Except me. Now that I was out of the official game.
And four years later, I had to trust that Cross and Dorsey had done their job well in the investigation of Angella Benton’s death and its connection to the robbery. I had no choice really. Covering the ground they had already trod to a dead end didn’t seem to be the way to go. That was why I went to see Taylor. My plan was to accept their investigation as thorough if not flawless and approach it from a different direction. I was operating on the belief that Cross and Dorsey found nothing linking Benton to the robbery because there was nothing to find. Her death had been part of a plan, a carefully planned misdirection within a misdirection. I now had a list with nine names on it that had come out of my three-mile ride with Taylor. All the people involved in the planning of the money shoot. Everyone—as far as he knew—with knowledge that the cash was coming, when it was coming and who would bring it. I would go from there.
But now I had been thrown a curveball of sorts; what Cross had told me about the serial numbers and how at least one of them had been wrong. He said he had left it to Dorsey to pursue and didn’t know what had happened. Shortly thereafter Dorsey was dead and the case died with him. But now I was interested. It was an anomaly and it had to be dealt with. Coupled with Kiz Rider’s warning and oblique reference to “these people,” I felt something stirring inside that had been absent for a long time. A small tug toward the darkness I one time knew so well.
 
I
drove back into Hollywood and ate a late lunch at Musso’s. A Ketel One martini for openers, followed by chicken pot pie, creamed spinach on the side. A good combination, but not good enough to make me forget about Lawton Cross and his situation. I asked for a second martini to help with that and tried to concentrate on other things.
I hadn’t been back to Musso’s since my retirement party and I missed the place. I had my head down and was reading and writing some notes when I heard a voice in the restaurant that I recognized. I looked up and saw Captain LeValley being led to a table with a man I didn’t recognize. She was commander of the Hollywood Division, which was only a few blocks away. Three days after I’d left my badge in a desk drawer and walked out she called to ask me to reconsider. She almost convinced me but I said no. I told her to send in my papers and she did. She didn’t come to my retirement party and we hadn’t spoken since.

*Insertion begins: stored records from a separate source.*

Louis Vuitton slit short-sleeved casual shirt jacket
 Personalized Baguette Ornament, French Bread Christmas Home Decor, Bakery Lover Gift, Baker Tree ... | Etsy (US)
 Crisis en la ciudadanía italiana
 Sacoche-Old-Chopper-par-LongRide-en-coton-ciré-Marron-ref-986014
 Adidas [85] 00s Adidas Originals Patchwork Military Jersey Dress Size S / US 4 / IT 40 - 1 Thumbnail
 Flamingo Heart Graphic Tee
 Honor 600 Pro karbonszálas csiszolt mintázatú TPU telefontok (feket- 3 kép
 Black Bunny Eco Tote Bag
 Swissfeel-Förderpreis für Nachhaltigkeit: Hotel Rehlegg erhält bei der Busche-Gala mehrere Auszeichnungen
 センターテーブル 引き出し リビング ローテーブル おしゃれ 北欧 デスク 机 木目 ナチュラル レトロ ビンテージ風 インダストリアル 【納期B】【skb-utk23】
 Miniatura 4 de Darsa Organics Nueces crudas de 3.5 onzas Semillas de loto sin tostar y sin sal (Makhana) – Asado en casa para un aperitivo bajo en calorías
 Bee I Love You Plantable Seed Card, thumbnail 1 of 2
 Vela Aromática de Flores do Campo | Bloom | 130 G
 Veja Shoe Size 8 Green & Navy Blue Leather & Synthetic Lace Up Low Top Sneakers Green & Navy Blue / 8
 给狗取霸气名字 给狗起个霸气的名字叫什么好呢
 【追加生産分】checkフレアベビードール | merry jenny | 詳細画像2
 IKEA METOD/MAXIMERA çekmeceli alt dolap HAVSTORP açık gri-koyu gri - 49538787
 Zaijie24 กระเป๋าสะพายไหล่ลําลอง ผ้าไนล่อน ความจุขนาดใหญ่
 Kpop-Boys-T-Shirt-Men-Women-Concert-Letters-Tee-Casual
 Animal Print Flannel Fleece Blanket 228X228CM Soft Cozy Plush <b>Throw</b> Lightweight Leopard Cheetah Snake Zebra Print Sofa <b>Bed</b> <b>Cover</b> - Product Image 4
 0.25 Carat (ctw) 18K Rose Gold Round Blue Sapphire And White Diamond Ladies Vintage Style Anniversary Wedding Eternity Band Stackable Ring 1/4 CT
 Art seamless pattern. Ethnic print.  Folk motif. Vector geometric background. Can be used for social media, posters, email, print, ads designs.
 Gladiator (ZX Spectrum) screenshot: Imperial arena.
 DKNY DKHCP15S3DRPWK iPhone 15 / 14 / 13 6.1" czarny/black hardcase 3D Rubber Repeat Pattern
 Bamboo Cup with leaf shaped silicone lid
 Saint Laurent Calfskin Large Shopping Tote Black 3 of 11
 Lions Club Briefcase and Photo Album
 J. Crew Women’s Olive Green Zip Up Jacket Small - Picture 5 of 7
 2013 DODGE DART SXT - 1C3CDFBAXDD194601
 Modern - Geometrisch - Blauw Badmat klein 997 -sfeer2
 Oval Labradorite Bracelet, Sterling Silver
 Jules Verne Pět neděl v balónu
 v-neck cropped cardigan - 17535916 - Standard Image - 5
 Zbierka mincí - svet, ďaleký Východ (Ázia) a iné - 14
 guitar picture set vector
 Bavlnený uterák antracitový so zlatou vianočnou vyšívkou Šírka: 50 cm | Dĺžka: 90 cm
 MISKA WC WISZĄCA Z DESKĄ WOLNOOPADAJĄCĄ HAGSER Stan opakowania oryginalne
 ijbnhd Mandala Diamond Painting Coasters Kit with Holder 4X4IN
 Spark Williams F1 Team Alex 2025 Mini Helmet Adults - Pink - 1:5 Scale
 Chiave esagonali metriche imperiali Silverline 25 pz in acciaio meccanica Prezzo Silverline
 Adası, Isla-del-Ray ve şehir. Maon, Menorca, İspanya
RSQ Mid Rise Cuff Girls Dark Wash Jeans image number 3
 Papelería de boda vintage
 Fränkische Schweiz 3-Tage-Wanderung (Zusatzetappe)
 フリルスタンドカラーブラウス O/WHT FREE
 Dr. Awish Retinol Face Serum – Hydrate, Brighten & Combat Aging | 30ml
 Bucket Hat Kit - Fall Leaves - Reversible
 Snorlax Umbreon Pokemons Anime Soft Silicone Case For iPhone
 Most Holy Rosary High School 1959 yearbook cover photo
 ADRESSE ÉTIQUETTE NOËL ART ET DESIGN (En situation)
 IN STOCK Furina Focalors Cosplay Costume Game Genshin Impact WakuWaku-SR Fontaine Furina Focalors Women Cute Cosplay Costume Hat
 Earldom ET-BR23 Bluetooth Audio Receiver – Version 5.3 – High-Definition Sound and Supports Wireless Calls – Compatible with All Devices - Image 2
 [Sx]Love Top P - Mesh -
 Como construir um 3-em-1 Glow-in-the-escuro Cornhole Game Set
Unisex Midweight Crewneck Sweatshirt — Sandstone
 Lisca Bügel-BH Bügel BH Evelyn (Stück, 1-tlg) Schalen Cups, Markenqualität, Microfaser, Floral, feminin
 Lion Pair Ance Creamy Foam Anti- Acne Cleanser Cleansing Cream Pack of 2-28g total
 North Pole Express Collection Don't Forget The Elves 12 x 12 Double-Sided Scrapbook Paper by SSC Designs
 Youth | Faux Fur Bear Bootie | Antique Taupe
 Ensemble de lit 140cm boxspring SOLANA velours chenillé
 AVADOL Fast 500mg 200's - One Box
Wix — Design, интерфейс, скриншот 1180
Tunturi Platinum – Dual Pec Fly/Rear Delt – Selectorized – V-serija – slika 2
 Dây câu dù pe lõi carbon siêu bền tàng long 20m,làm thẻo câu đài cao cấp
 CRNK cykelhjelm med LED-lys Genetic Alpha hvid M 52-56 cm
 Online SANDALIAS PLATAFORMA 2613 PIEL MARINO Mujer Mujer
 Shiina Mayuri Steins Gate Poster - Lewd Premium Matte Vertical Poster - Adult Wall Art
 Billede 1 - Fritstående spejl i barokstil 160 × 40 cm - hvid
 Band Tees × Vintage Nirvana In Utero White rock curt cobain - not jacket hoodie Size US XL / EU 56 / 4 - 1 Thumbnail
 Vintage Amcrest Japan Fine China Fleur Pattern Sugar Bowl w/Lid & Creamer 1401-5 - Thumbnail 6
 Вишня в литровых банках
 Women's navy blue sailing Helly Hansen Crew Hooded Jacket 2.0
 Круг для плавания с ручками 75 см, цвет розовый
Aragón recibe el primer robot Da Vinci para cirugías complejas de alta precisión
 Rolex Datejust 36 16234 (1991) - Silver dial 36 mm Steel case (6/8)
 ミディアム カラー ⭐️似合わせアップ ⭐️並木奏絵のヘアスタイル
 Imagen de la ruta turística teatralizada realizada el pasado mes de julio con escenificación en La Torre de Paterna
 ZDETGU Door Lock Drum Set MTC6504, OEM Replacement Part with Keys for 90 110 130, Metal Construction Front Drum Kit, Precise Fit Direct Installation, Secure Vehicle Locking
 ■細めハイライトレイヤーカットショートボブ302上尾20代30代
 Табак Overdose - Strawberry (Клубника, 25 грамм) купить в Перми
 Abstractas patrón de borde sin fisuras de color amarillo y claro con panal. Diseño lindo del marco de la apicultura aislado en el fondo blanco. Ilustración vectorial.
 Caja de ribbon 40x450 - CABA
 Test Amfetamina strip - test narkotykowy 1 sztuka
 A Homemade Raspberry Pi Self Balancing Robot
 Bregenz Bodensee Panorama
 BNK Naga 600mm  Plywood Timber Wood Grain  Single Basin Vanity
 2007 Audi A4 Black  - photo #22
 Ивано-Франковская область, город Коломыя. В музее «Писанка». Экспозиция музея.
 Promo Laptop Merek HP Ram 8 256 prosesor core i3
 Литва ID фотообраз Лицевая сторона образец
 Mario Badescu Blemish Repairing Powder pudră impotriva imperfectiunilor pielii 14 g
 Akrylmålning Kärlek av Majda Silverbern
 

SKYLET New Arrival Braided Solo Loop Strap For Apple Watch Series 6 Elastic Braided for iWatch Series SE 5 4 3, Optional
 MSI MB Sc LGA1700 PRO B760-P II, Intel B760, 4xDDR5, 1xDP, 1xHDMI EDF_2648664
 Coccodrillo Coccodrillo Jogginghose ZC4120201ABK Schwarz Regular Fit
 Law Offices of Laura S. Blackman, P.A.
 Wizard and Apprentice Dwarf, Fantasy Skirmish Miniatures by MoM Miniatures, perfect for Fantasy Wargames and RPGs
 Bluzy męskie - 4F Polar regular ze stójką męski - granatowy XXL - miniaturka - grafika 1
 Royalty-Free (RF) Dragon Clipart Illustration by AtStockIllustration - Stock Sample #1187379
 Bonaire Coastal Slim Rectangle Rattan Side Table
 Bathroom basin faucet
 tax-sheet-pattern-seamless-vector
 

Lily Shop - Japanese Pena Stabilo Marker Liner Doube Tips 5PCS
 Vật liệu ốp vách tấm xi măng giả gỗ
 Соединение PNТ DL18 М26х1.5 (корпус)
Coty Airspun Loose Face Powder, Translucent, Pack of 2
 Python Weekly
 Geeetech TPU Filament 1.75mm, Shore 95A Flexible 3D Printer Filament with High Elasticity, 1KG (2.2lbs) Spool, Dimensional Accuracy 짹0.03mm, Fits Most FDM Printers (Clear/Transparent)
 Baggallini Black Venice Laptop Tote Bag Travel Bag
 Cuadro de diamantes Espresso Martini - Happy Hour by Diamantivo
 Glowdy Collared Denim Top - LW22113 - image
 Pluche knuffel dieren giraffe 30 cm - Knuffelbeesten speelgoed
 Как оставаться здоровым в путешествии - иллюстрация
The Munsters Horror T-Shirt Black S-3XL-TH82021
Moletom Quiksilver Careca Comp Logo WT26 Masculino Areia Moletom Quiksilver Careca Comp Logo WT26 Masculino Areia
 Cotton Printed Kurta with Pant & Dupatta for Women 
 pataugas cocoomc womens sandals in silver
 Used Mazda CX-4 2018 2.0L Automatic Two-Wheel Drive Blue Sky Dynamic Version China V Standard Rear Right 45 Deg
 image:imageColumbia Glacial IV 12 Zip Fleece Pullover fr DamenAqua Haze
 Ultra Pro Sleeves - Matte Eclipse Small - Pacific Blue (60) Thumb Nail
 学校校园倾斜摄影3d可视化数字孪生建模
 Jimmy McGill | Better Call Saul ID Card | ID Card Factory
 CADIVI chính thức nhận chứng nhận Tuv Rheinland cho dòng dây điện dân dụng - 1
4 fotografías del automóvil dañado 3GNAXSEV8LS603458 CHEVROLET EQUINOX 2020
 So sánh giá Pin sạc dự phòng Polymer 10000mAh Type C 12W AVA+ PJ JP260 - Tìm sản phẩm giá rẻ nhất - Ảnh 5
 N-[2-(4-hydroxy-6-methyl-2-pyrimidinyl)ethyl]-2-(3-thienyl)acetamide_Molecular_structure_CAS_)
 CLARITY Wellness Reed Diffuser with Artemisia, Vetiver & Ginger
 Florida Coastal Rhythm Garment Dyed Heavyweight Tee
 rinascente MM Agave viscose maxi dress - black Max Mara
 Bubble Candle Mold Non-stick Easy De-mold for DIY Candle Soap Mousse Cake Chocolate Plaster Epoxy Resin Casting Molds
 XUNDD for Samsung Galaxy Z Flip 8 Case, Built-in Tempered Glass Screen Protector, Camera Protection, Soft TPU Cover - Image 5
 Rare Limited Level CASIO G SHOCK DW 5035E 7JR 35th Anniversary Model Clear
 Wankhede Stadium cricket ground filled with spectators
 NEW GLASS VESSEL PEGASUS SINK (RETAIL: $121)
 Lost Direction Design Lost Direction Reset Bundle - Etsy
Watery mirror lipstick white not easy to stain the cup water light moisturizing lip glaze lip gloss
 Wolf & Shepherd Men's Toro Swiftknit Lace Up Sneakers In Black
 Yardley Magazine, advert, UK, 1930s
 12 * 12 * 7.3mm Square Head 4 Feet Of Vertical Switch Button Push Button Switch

She didn’t see me and sat with her back to me in a booth far enough away that I could not hear her conversation. I left by the back way without finishing the second martini. In the lot I paid the attendant and got in my car, a Mercedes Benz ML55 that I’d bought used from a guy moving to Florida. It had been the one big extravagance I allowed myself after retiring. In my mind the ML55 stood for Money Lost: $55,000, because that was what I paid for it. It was one of the fastest sport utility vehicles on the road. But that wasn’t really why I bought it. The low mileage on it wasn’t the reason either. I bought it because it was black and it blended in. Every fifth car in L.A. was a Mercedes, or so it seemed. And every fifth one of them was a black M-class SUV. I think maybe I knew where I was going long before I started the journey. Eight months before I would need it I’d bought an automobile that would serve me well as a private investigator. It had speed and comfort, it had dark smoked windows, and if you looked in your mirror and saw one of these behind you in L.A. it wouldn’t cause a second thought.